I talked about my reluctance to start with Harry Potter when he arrived in 1997 and how I didn't read any of them until 2007 when Hudson staged its "Last Extravaganza" in July, the celebration for the publication of The Deathly Hallows, the final novel, the celebration that brought as many as 14,000 people here, many of them in costume, everyone swarming around to hear rock music, shop in the stores that had given their merchandise a Harry-theme, watch a Quidditch match, and wait in line at the Learned Owl (our local book shop) and its midnight sale. The newspaper said the Owl sold 2000 books that night.
When Joyce and I drove into town that night (we'd been to a late movie in Solon) and saw the line at the Owl--hundreds of people at 12:30 a.m.--I snapped. Bought the books. Read one a day for seven days while Joyce was off at a week-long conference.
Anthony Trollope, 1815-1882 |
I'd never read any Trollope--but I had just finished reading the complete novels of Dickens and was looking for another project. Little did I know.
I bought six paperbacks but didn't start the first in the series--The Warden--for more than a year. (Not sure why.) But once I started it, well, my fate was sealed. I charged through those first six, then read in greedy gulps the six Palliser novels, then the other titles that were usually available in local bookshops (The Way We Live Now is a great novel).
But then, after about 15 or so, I decided I wanted to read the rest in the order that Trollope wrote them. That took some doing. Many are out of print, so I was ordering through ABE and other used-book sites on the web.
It warn't always cheap, either. But soon I was so obsessed I was choosing Linda Tressel over food. (Not really--but close.) I once paid $38.07 for a used paperback of Marion Fay. And to show you how quickly things have changed: All 47 Trollopes are now on Kindle for a total of $2.99--cheaper than one of my books on Kindle! Value!
As I told the folks at WRA, I was always reading a Trollope during those years, always had one with me when I traveled--to Europe or to Mickey's Barbershop. And just a few months after I finished the Harry Potter books, I finished Trollope #47, his unfinished novel The Landleaguers, whose final word--the last word he wrote--was peace.
In my talk I blamed my former Hiram College English professor, Dr. Abe C. Ravitz, for creating in me this obsession to read everything by a writer. I like blaming others for my own madness. It's comforting.
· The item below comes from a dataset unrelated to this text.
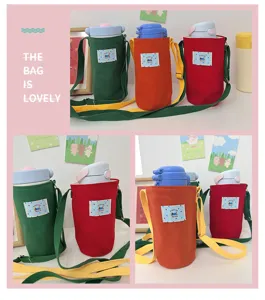 Leinwand Wasserflasche Tasche mit verstellbarem Gurt, tragbare niedliche Tasse Abdeckung Outdoor.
Here's what I said in that speech about Trollope's works ... and I will end with those words ...
In all these novels I
read of Members of Parliament—and wealthy folks—and landed folks who’ve fallen
on hard times—and grumpy old men who don’t want to leave their estates to their
no-good sons—and vicious women (mothers even!)
who insist on their own way, who, though bounded in nutshells, count themselves
queens of infinite space—and fox-hunters and shooters of game birds—and
clueless but arrogant Americans—and young men who must learn about the
importance of your word, your honor, about how to love—and profoundly
moral young women whose values eventually (though not always) educate and snare
the right young man, young women whose goodness can remind a flint-headed
grouch what the human heart looks like, what, in fact, it is for.